Handwerk ist für mich eine bodenständige und feinsinnige Arbeit, bei der sowohl der Prozess vom aufgeschnittenen Baum bis hin zum fertigen Tisch sehr ästhetisch ist. In der Ausbildung habe ich dann gemerkt, wie umfangreich der Beruf der Schreinerin ist. Die Arbeit ist generell wesentlich komplexer, als ich im Vorhinein dachte. Auch dass ich momentan noch als einzige Frau in der Werkstatt arbeite, ist – anders als gedacht –kaum ein Thema.
Im Vergleich zum Studium habe ich deutlich längere und intensivere Arbeitstage. Dennoch: An einem guten Arbeitstag fühle ich mich positiver erschöpft als an einem Tag an der Uni – auch weil ich mich den Tag über körperlich betätigt habe.
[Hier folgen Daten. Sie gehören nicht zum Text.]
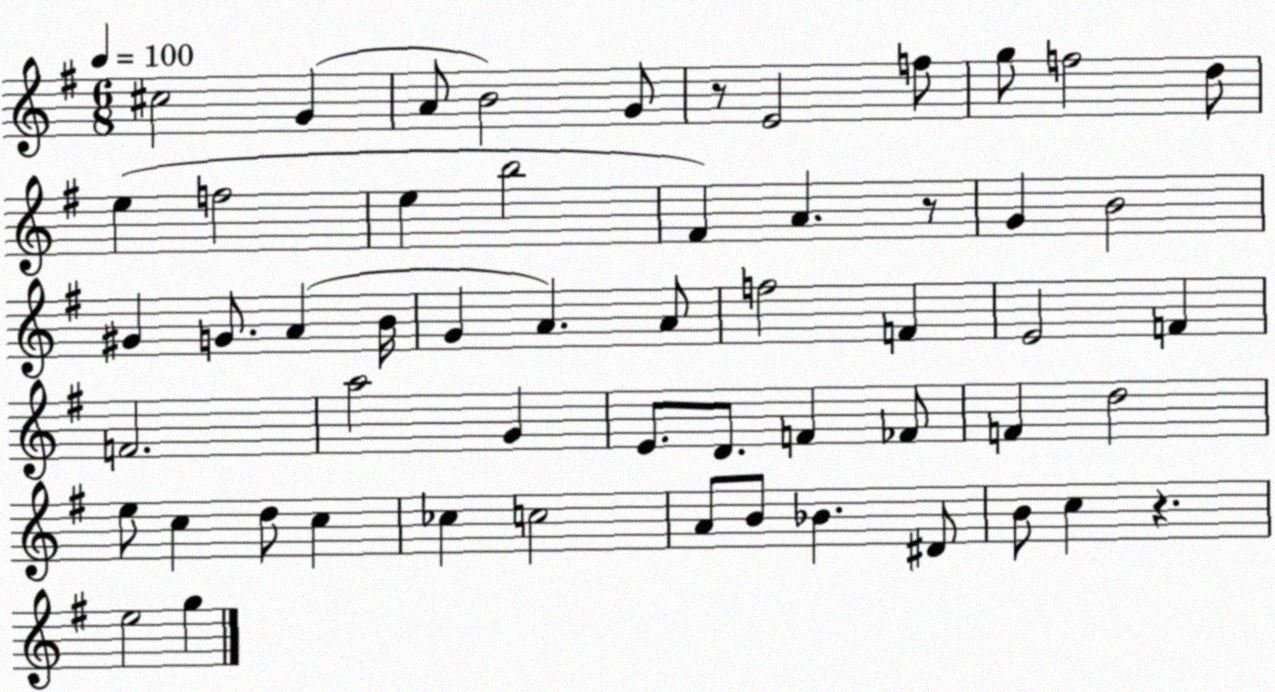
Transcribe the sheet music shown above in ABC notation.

X:1
T:Untitled
M:6/8
L:1/4
K:G
^c2 G A/2 B2 G/2 z/2 E2 f/2 g/2 f2 d/2 e f2 e b2 ^F A z/2 G B2 ^G G/2 A B/4 G A A/2 f2 F E2 F F2 a2 G E/2 D/2 F _F/2 F d2 e/2 c d/2 c _c c2 A/2 B/2 _B ^D/2 B/2 c z e2 g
Langfristig ist mein Plan, das Designstudium mit dem Handwerk zu verbinden. Ich bin froh darüber, dass ich mich so entschieden habe."
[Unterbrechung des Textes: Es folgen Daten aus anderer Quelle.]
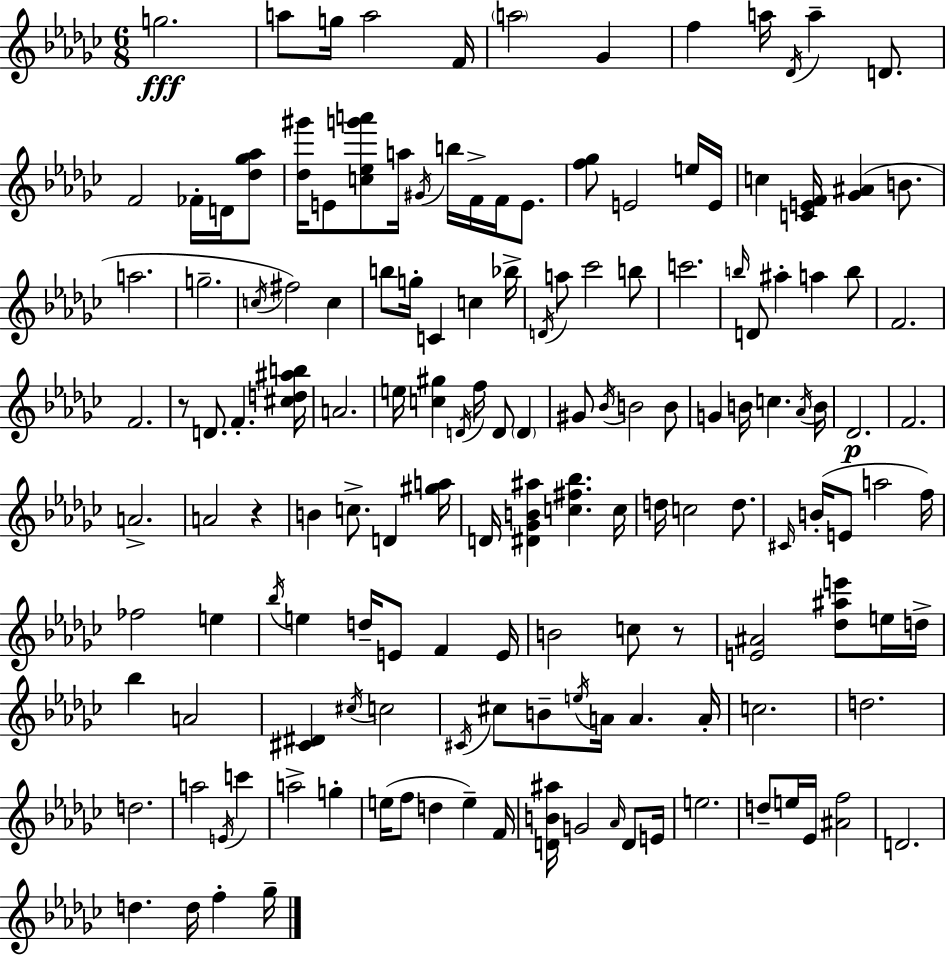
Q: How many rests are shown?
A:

2. Daniel Hall (29), im zweiten Lehrjahr zum Zimmerer: "Wenn ein Kollege mal wieder über den Langzeitstudenten frotzelt, nehme ich das mit Humor"

"Der zündende Punkt, um ins Handwerk zu wechseln, kam bei mir während des Corona-Semesters, als ich mehr Zeit in der Hobbywerkstatt meines Vaters verbrachte als bei Vorlesungen. Insgesamt habe ich sieben Jahre studiert. Angefangen mit Nanophysik, danach kam Informatik, dann Wirtschaftsmathematik.
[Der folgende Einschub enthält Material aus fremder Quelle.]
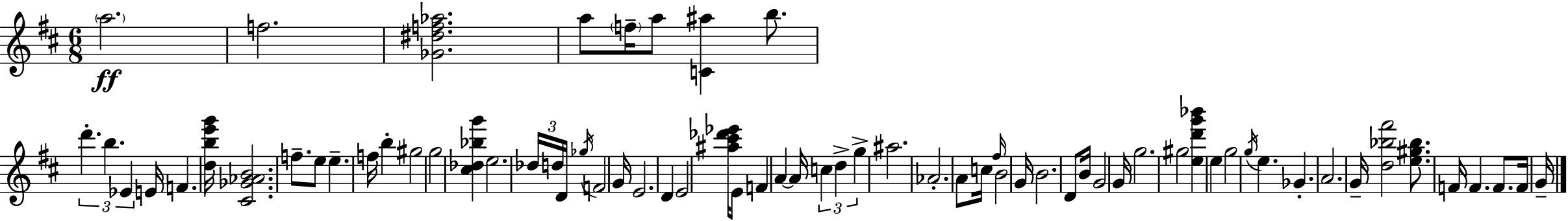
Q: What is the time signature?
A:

Begonnen hat diese Odyssee nach dem Abitur. Damals wurde mir von vielen Seiten eingeredet, zu studieren. An der Uni wirst du einfach in den Fluss geworfen und musst sehen, wo du bleibst und was du belegen musst. Diese Richtungslosigkeit, während der Jugend und dann nochmal bestärkt durch Corona, haben sich auch auf meine Psyche ausgewirkt. Für mich war es ein innerer Kampf, mein Studium abzubrechen, schließlich habe ich da viel Zeit reingesteckt.
Lange wollte ich es nicht wahrhaben, dass ich es nicht schaffe, bis ich endlich ehrlich zu mir selbst war. Während eines Praktikums half ich dann auf einer Baustelle an einem siebenstöckigen Hochhaus auf der Baustelle mit. Dort konnte ich mich austoben. Die körperliche Auslastung tat meinem Geist gut. Klar, macht man sich bei dieser Art der Arbeit auch mal die Hände schmutzig, aber das gibt dir auch das Gefühl, lebendig zu sein.
Ja, das Klima auf einer Baustelle scheint etwas rauer zu sein, aber das härtet einen auch ab. Das Leben passt schließlich auch nicht immer darauf auf, dass es dir gut geht. Wenn ein Kollege mal wieder über den Langzeitstudenten frotzelt, nehme ich das mit Humor. Heute bin ich belastungsfähiger und stressresistenter und habe mehr Struktur im Leben."
3. Thomas Lutz (38), Ausbildung zum Elektroniker: "Finanziell war der Schritt ins Handwerk schon ein Rückschritt"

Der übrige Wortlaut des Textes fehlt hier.